DATA START

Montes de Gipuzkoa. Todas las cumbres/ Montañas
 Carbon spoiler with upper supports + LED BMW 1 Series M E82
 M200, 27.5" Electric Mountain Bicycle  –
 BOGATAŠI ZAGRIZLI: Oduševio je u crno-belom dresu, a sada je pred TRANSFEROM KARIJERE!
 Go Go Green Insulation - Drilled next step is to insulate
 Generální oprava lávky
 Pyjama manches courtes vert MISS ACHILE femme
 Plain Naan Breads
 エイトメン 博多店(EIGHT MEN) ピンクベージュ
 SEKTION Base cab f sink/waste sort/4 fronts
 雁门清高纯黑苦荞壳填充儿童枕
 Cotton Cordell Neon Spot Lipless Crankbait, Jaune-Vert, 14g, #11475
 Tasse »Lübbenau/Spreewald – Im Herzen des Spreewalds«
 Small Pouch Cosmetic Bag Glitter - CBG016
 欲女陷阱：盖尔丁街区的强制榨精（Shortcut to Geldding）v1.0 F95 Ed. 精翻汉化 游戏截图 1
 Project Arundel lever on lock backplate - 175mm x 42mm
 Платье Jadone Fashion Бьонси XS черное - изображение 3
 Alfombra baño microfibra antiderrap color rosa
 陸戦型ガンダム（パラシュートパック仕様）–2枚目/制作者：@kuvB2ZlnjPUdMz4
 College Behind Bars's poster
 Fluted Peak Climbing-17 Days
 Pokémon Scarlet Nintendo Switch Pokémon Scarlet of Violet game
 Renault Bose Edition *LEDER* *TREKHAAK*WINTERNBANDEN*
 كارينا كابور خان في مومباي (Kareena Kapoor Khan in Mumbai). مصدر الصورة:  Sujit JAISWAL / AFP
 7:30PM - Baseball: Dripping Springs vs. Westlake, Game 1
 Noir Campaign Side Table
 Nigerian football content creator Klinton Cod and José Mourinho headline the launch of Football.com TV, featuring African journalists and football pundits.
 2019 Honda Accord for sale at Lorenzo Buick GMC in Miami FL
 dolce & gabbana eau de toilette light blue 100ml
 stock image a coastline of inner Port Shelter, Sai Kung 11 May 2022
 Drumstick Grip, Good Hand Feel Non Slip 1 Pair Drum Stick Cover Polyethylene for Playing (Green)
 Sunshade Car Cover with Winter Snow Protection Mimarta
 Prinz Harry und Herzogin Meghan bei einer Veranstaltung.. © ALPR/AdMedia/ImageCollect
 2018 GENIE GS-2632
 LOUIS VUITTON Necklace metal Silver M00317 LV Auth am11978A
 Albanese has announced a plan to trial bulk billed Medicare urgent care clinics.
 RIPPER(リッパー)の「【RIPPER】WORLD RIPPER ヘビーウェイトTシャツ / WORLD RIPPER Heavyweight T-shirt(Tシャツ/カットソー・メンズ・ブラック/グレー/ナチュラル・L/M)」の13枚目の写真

DATA END

:: PROBLEM DESCRIPTION ::
The string to find is "Cover"; copy every line of the listing that has it.

:: SOLUTION FOR THIS TASK ::
 Drumstick Grip, Good Hand Feel Non Slip 1 Pair Drum Stick Cover Polyethylene for Playing (Green)
 Sunshade Car Cover with Winter Snow Protection Mimarta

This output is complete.